Around 100 bargain hunters formed a queue outside the Shelter shop in leafy Stockbridge before the doors opened at 10am for its 17th annual New Year sale.

Early birds rummaged for designer brands including Vivienne Westwood, Liberty and Mulberry, and one of the first items off the shelves was a pair of Jimmy Choo stilettos, for £80.

The shop raked in £1500 in less than 30 minutes and £5000 in the first two hours of the sale, which will continue for a week.

The most expensive item -- a rare Art Nouveau book signed and illustrated by the Czech painter and graphic artist Alphonse Mucha, numbered 228 one of only 252 copies produced in 1900 -- was snapped up by the first customer through the door, for £500. A first edition Winnie the Pooh was sold for just £10.

Other collectables ranged from Liberty ties to a 1970s Sindy doll bathroom suite; and a selection of cult games including Dungeons and Dragons and Pathfinder.

A portrait of the actor Laurence Olivier by fellow thespian Antony Sher, titled "Olivier’s Dream", was available in the window for £200. In the book department, "The Woman's Book", containing "everything a woman ought to know" remained available for £30.

All of the items had been donated to the shop in recent months.

Shop manager Pete Jew, who has organised the sale since its inception, was blown away by the success. He said: "This is the biggest day in our year by far and this is the busiest ever -- there are three times the number of people we get normally on the opening day of the sale and we can't get everybody in at once.

"It's fantastic -- I only wish we had a shop three times the size. It's an exciting shopping experience unlike any other because nobody knows what's for sale until we remove the tissue paper from the window for the big reveal.

"This annual event can only happen because of the generosity of our customers and supporters. I've been here 20 years and the community loyalty is enormous. People really want to support Shelter at this time of the year."

Cinzia Pusceddu, 53, who grabbed a mirror for her house nearby, said: "I joined the queue about 20 minutes before the shop opened and the line was along the street.

"It's a small shop and it was a bit crazy but I managed to get a nice mirror -- it's £30 but it's a good one and very well made."

Graeme Sneddon, 57, spent about £50 on a selection of classic rock LPs. The marketing director, who lives locally, said: "I come in most weeks and buy vinyl, but they save some of the best ones for the January sale.

"I've got Hawkwind, Neil Young, The Who, Deep Purple and an album I've never seen before by a band called Mountain, but it looked interesting. I'm taking the day off to listen to them now. The Hawkwind was £15 -- it's worth about £50 but I won't sell it."

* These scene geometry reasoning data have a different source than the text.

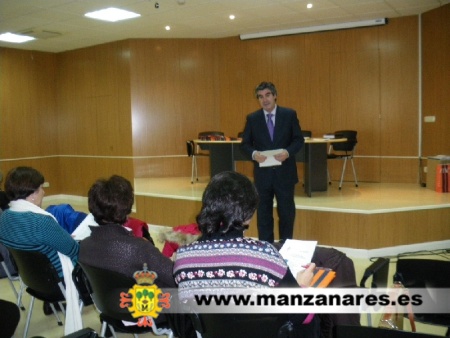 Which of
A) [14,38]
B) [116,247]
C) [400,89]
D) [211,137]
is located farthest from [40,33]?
[116,247]

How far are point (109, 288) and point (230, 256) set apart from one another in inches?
31.0

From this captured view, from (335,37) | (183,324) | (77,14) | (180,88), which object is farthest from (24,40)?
(183,324)

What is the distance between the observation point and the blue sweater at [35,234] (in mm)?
2641

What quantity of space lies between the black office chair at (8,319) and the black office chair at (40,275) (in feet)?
3.13

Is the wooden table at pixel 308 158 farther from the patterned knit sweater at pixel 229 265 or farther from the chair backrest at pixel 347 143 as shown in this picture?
the patterned knit sweater at pixel 229 265

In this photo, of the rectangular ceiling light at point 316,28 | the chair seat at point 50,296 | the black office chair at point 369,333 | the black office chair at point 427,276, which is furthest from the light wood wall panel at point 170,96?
the black office chair at point 369,333

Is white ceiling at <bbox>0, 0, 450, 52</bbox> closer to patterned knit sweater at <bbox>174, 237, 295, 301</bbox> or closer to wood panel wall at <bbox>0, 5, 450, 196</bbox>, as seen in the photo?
wood panel wall at <bbox>0, 5, 450, 196</bbox>

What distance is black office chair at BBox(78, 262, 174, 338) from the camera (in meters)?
2.04

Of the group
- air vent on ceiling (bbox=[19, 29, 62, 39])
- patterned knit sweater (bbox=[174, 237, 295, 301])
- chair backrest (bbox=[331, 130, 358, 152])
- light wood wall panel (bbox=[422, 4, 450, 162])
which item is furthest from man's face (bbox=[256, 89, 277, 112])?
air vent on ceiling (bbox=[19, 29, 62, 39])

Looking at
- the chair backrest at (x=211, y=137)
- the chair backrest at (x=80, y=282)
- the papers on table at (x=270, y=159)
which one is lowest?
the chair backrest at (x=80, y=282)

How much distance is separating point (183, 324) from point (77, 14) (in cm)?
603

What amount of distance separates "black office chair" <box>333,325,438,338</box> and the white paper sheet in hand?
65 cm

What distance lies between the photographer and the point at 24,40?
27.6ft

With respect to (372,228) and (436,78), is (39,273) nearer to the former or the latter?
(372,228)
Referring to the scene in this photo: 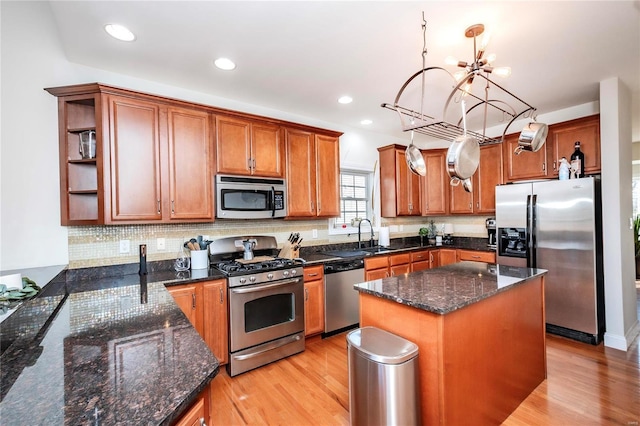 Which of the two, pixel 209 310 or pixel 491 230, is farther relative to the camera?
pixel 491 230

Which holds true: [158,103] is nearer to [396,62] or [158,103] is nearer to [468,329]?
[396,62]

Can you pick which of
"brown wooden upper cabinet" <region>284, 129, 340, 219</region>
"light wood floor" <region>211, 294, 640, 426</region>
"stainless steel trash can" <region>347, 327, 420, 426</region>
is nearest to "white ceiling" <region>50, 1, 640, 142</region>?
"brown wooden upper cabinet" <region>284, 129, 340, 219</region>

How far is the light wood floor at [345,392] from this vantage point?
1.98m

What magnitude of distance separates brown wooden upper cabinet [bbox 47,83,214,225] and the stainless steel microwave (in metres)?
0.18

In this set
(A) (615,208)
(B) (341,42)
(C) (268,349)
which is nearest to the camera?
(B) (341,42)

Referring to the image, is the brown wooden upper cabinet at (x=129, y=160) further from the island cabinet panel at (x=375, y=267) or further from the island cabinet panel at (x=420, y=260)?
the island cabinet panel at (x=420, y=260)

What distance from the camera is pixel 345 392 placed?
7.55ft

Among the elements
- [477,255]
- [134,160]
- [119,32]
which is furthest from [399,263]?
[119,32]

Abby Richards, 27, who spent £40 on a painting of irises for her new home in the city, said: "I've just moved in to a big old house with lots of blank walls so I've got a nice picture of flowers to help fill them. I don't know if it's worth anything but it's a good cause."

Ali Devine, 54, who queued with her family, said: "We spent £40. I picked up a lovely Hermes scarf for £10 so whoever donated it, thank you very much.

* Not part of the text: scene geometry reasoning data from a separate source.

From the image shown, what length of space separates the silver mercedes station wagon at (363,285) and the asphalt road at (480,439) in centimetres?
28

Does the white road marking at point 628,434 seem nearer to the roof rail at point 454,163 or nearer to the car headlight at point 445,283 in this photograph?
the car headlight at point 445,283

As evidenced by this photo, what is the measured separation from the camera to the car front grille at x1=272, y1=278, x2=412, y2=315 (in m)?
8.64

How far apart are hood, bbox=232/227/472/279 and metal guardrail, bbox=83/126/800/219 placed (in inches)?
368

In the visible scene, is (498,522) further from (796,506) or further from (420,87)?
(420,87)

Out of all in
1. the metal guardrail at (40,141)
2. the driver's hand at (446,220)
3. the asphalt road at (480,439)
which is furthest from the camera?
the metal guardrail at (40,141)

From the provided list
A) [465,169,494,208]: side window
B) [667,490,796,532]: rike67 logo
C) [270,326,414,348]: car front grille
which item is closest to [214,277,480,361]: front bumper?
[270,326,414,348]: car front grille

"My husband got some shoe trees and our daughter Zoe got some furry Ugg slippers. We're delighted. It was manic but everyone was friendly and we enjoyed the experience."

Ailene Young, Shelter's Head of Retail for Scotland, said: "This is the highest turnover day that the charity has for a shop in Scotland.

"It's been absolutely phenomenal. There was a grey Vivienne Westwood coat that I had my eye on but it was away within minutes and I'm delighted about that.

"It's all about making as much money for Shelter Scotland and its work to help homelessness."

The shop has been a fixture in the city's Raeburn Place since 1981, but the New Year sale of donated designer items has become an annual highlight in recent years.

All funds raised go towards Shelter Scotland’s work to help homeless and badly housed households across Scotland.

The charity runs a free national helpline which provides support and advice to people struggling with their housing.